Leave out the images and transcribe the entries below word for word.

Data entries
------------------------

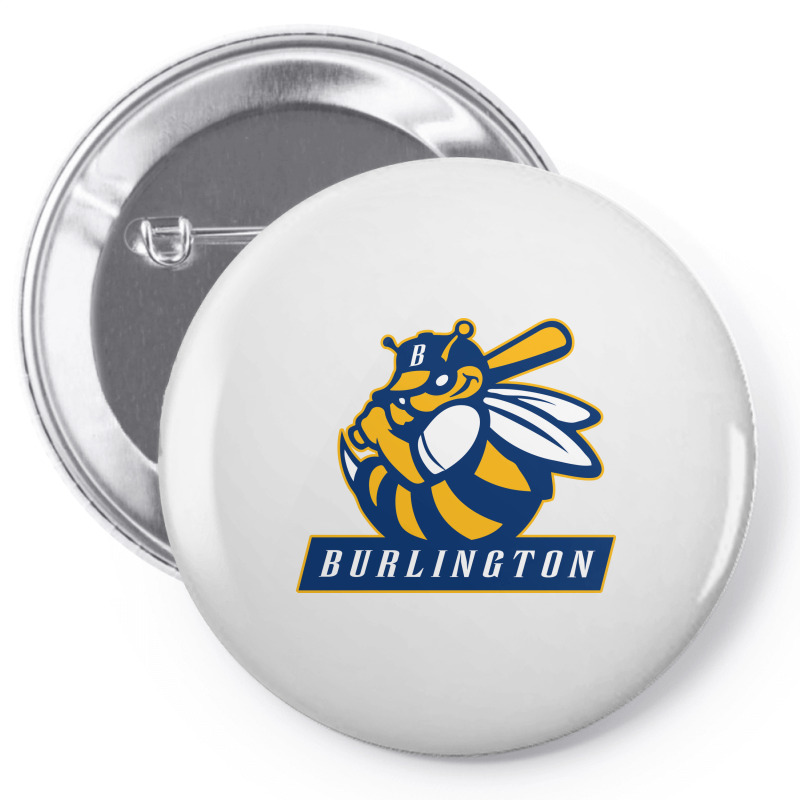 Burlington Bees (1) Pin-back Button | Artistshot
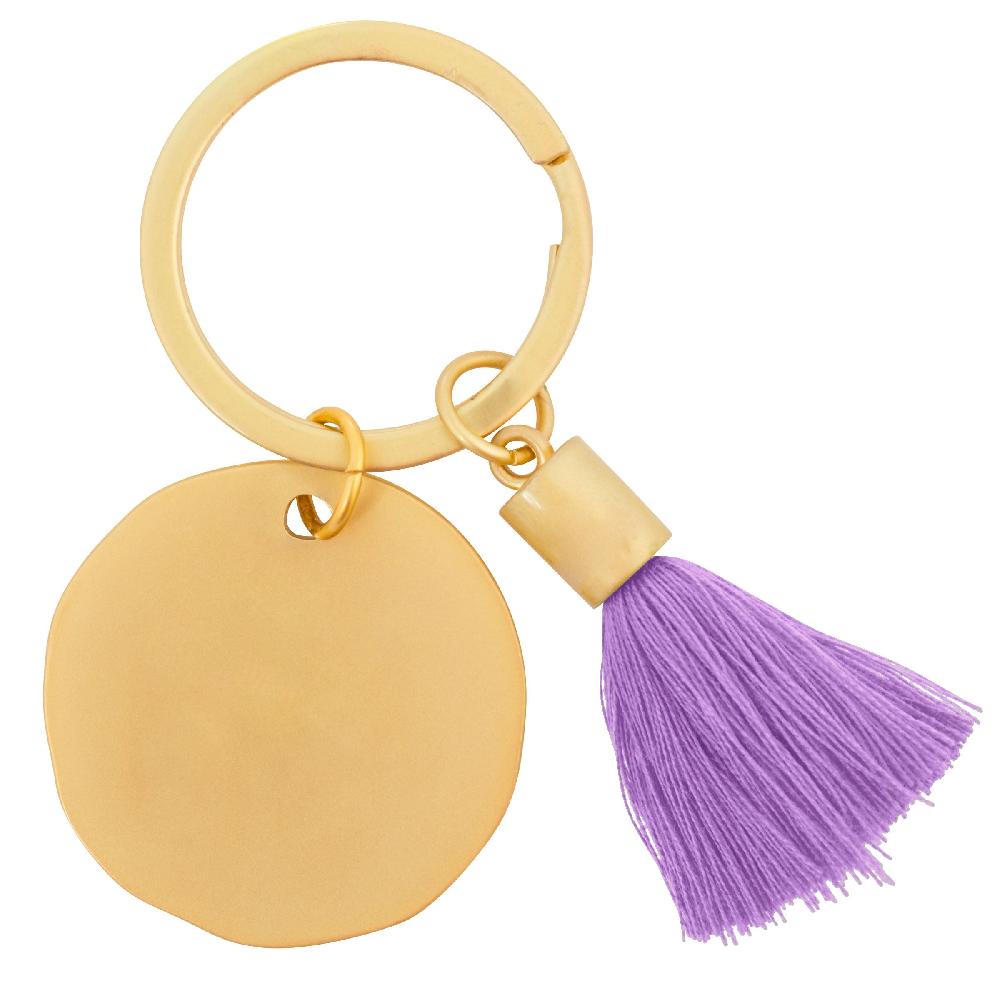 Karma Gifts Blessed Round Tassel Key Chains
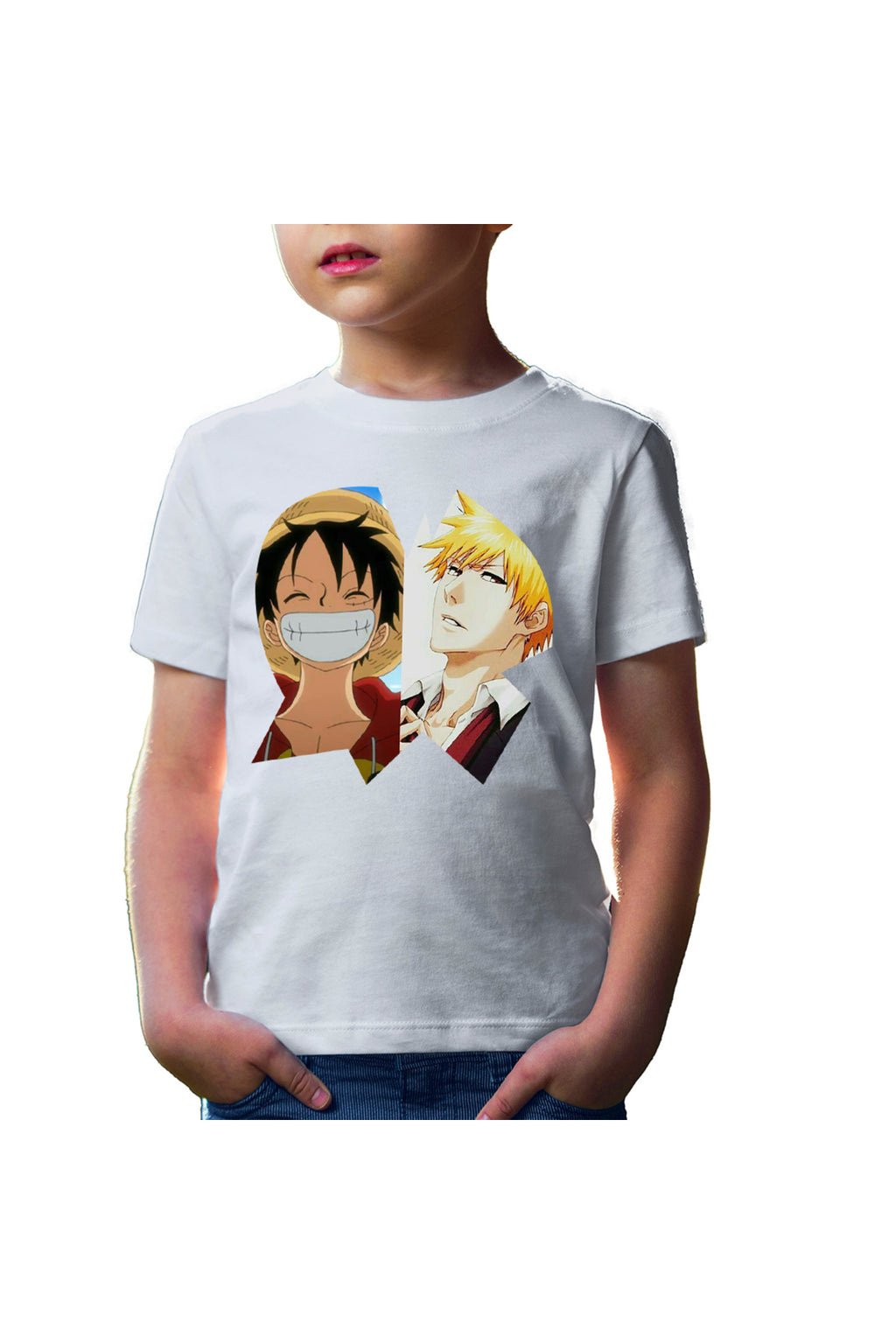 Tricou copii Bleach Ichigo One Piece Luffy Anime Manga
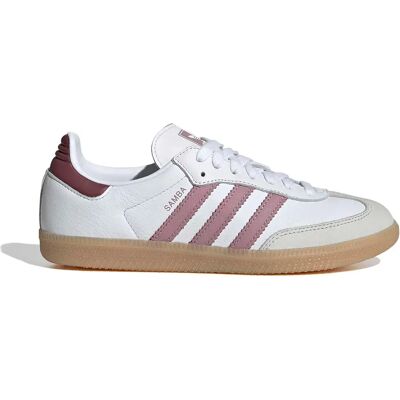 adidas Originals Samba Og Trainers Ftwr White / Magic Mauve / Quiet Crimson UK 7 Women adidas Originals Samba Og Trainers Ftwr White / Magic Mauve / Quiet Crimson UK 7 Women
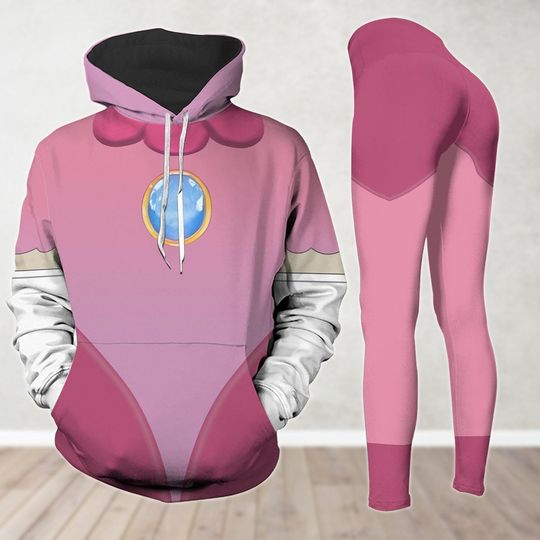 Princess Peach Hoodie And Leggings, Princess Cosplay Costume, Disney Shirt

------------------------

_OUTPUT FOR THIS EXERCISE_:
 Burlington Bees (1) Pin-back Button | Artistshot
 Karma Gifts Blessed Round Tassel Key Chains
 Tricou copii Bleach Ichigo One Piece Luffy Anime Manga
 adidas Originals Samba Og Trainers Ftwr White / Magic Mauve / Quiet Crimson UK 7 Women adidas Originals Samba Og Trainers Ftwr White / Magic Mauve / Quiet Crimson UK 7 Women
 Princess Peach Hoodie And Leggings, Princess Cosplay Costume, Disney Shirt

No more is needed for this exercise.